Councilor Bill Friedman has ardently defended the purchase of the buses, even in light of their maintenance issues. Though he said he had heard about the contents of the memo, Friedman said he had not read it. He could not recall how long he had known about the memo.

“We have provided a huge service,” Friedman said. “Having those buses here made that program begin and that program has been an enormous help to the residents of the community.”

But Councilor Chris Telfer, who publicly questioned buying used buses more than a year ago, said she was “appalled” after learning about the memo earlier this week. She said she had not read a copy of it.

“I think we did a bad job of due diligence and I don’t think our actions are defensible ,” she said.

She said that the memo is giving her added motivation to push for internal audits of how the city’s staff functions.

“I’ve been harping for internal audits for five years now and I’ve just been getting stonewalled all along,” Telfer said. “This just makes we want to get a little bit more aggressive in requesting some sort of internal audits.”

But Friedman put the bulk of the blame squarely on TSI.

“Maybe they made the wrong choice in buses at the staff level,” Friedman said. “It is clear that there was a difference of opinion, and our opinion is that we were more or less bait-and-switched.”

A History of Bus Troubles

1996: The Utah Transit Authority buys six new ElDorado Transmark buses for service in the Salt Lake City area.

2005: UTA retires the buses from service earlier than usual because of serious recurring maintenance problems.

Fall 2005: UTA sells the buses to Transit Sales International, in Riverside, Calif., for about $1,800 each.

Spring 2006: Bend officials find the six Transmark buses at TSI’s facility.

June 2006: Bend Transit Manager Heather Ornelas views the Transmark buses while on a business trip in Southern California.

June 21, 2006: A presentation to the Bend City Council shows that the city looked at buses from two transit districts in Oregon, a Portland bus sales company and TSI. The total cost of the six Transmark buses from TSI, including delivery and $45,000 in new parts, was to be about $222,000. The purchase of the Transmark buses was unanimously approved.

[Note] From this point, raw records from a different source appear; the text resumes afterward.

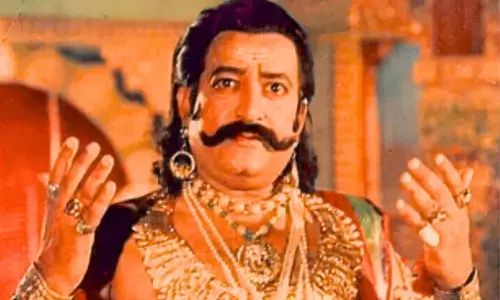 टीवी का रावण, जिसे लोगों ने सचमुच मान लिया था खलनायक, जानें अरविंद त्रिवेदी की कहानी टीवी का रावण, जिसे लोगों ने सचमुच मान लिया था खलनायक, जानें अरविंद त्रिवेदी की कहानी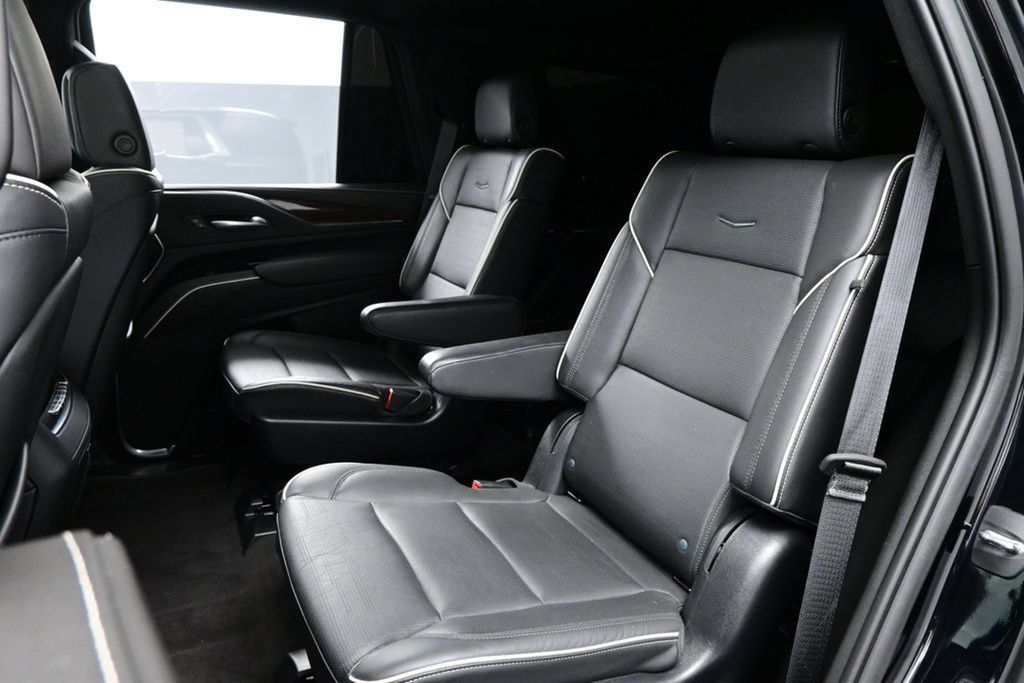 Used 2023 Cadillac Escalade Premium Luxury w/ Performance Package AWD/4WD image 28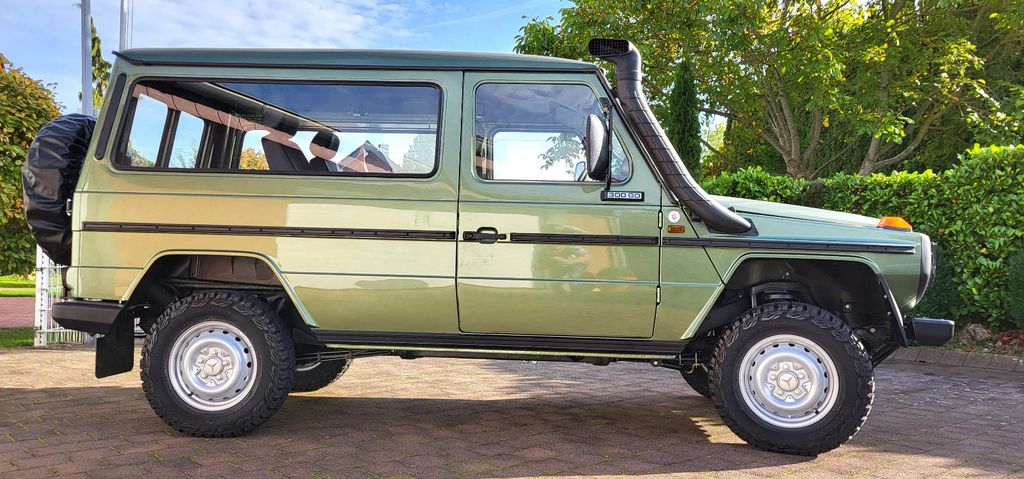Bild des Angebotes Mercedes-Benz 300GD"Zypressengrün"1 von 372 Stück!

Late July 2006: City diesel mechanic Dave Pierce inspects the buses in Riverside. He described them as “all junk” in a memo but was told the city had to purchase them because they were already repainted.

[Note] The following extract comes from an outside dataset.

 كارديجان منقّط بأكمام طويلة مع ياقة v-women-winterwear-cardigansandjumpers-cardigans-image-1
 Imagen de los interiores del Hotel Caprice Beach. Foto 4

Sept. 27, 2006: The city launches Bend Area Transit, its first fixed-route system . More than 1,000 people ride the buses in the first day.

Dec. 15: The Bulletin reports that the city had amassed $71,000 in maintenance expenses on the six buses. Records obtained by The Bulletin show several odometer readings tens of thousands of miles off between when the buses left Salt Lake City and when they were sold to Bend.

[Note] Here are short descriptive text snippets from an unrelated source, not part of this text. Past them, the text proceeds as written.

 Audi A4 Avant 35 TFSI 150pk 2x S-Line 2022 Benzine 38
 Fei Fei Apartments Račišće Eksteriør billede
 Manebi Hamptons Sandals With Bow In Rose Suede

Feb. 9: The city sues TSI, claiming the company defrauded it of $256,000 and that someone had tampered with the bus odometers.

March: One of the six buses is retired by the city after major engine failure.

May: A second blue bus is taken out of service permanently over another problem.

August: A third blue bus has a tire blowout during training, damaging part of the side of the bus and taking it out of service permanently.

Aug. 28: City officials admit that the three remaining functional buses are out of service, citing summer temperatures and weak air conditioning systems. It uses smaller buses to keep the system running.

Sept. 6: The city moves to settle its lawsuit against TSI.